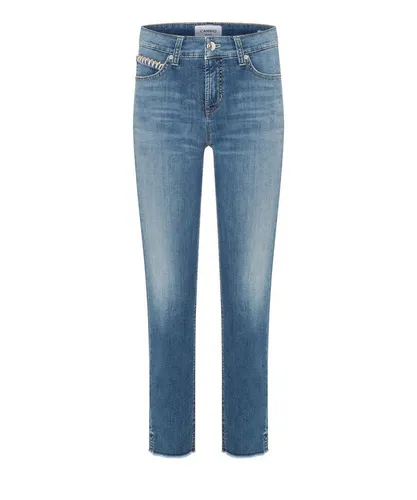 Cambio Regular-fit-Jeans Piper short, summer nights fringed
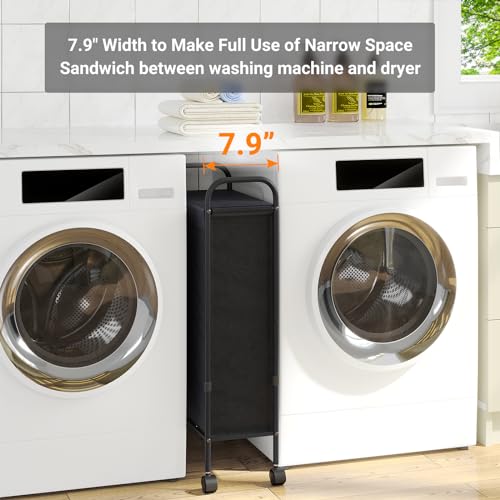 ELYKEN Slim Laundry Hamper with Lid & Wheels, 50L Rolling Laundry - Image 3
-------------------------
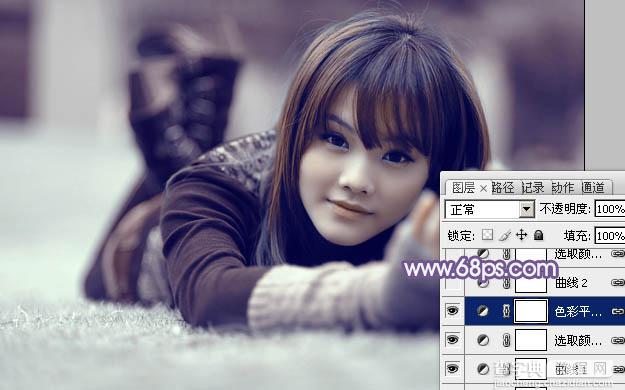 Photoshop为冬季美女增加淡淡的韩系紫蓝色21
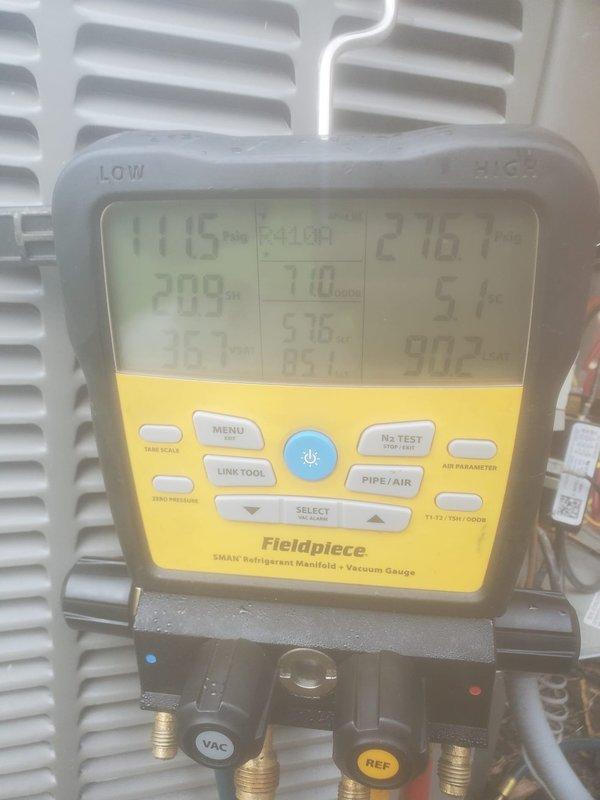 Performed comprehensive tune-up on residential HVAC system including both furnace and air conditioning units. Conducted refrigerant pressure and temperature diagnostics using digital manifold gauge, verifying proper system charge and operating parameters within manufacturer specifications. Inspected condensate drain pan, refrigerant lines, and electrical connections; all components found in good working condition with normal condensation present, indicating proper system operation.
-------------------------
### [WHAT IS BEING ASKED]
While skipping the pictures, transcribe the data above from the line showing "Photoshop为冬季美女增加淡淡的韩系紫蓝色21" through the line showing "Performed comprehensive tune-up", exactly and with both ends.

### [SOLUTION TO THE PROBLEM]
 Photoshop为冬季美女增加淡淡的韩系紫蓝色21
 Performed comprehensive tune-up on residential HVAC system including both furnace and air conditioning units. Conducted refrigerant pressure and temperature diagnostics using digital manifold gauge, verifying proper system charge and operating parameters within manufacturer specifications. Inspected condensate drain pan, refrigerant lines, and electrical connections; all components found in good working condition with normal condensation present, indicating proper system operation.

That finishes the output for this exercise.